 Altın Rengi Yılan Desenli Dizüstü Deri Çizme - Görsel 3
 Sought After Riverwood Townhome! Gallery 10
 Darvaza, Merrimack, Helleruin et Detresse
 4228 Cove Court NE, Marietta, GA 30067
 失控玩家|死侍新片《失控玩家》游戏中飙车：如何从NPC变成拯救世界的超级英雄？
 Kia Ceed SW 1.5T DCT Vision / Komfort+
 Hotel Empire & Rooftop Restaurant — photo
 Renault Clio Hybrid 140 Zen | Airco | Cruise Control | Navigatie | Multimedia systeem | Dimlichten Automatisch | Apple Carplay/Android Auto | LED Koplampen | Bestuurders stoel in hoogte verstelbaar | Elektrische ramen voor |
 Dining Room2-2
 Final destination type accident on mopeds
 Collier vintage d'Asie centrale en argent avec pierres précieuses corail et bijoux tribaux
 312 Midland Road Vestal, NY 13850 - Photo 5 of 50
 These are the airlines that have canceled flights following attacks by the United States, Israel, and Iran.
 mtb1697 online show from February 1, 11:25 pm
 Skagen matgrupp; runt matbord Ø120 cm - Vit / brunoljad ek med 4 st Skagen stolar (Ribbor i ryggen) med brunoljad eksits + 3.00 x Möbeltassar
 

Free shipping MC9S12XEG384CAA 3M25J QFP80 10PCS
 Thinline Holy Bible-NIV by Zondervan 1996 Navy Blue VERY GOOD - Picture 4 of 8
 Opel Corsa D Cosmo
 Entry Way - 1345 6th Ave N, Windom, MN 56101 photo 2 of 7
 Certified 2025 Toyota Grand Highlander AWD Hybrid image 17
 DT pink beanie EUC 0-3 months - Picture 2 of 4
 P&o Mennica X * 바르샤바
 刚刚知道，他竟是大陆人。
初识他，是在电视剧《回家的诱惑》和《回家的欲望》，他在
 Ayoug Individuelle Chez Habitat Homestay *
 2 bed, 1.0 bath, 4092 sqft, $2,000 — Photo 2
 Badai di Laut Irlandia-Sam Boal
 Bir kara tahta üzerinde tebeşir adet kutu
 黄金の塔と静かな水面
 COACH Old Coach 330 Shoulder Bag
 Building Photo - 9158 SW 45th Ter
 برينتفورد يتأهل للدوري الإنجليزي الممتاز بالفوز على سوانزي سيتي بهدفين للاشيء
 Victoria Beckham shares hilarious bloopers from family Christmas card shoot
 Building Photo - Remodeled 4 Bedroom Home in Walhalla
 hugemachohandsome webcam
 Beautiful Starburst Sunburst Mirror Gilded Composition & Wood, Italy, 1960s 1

....................

§ The task: In the entries above, how many lines include the word "from"? Only the number should be given.

§ Task response: 2